→ INFORMATION SHOWN
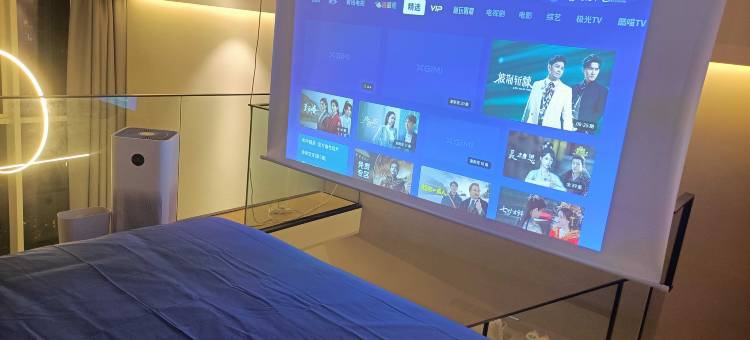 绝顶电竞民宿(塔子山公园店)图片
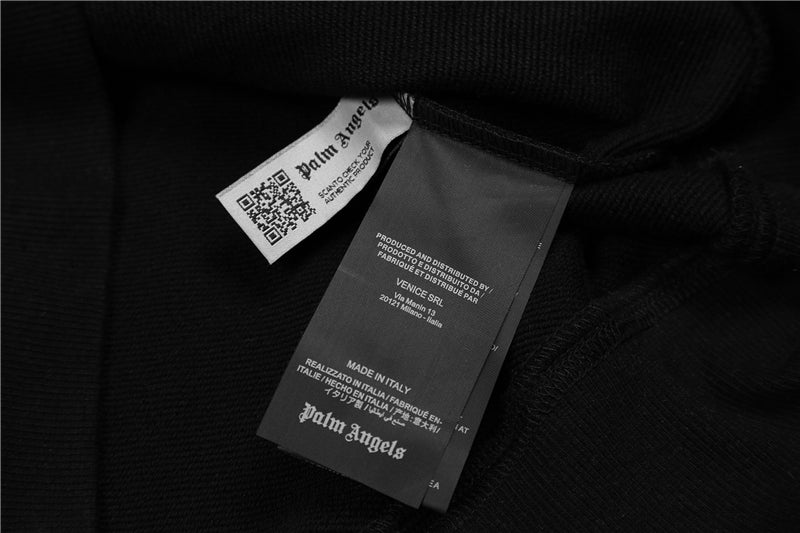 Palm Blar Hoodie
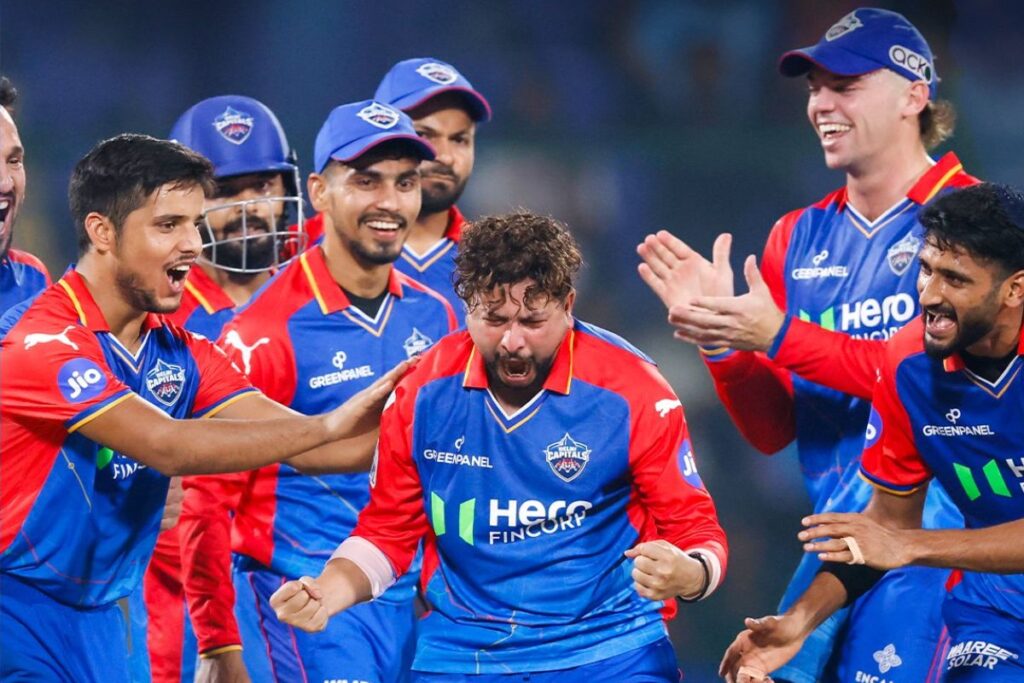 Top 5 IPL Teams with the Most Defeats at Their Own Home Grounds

→ EXERCISE PROMPT
Once the pictures are removed, output the remaining material exactly.

→ WRITTEN RESPONSE
 绝顶电竞民宿(塔子山公园店)图片
 Palm Blar Hoodie
 Top 5 IPL Teams with the Most Defeats at Their Own Home Grounds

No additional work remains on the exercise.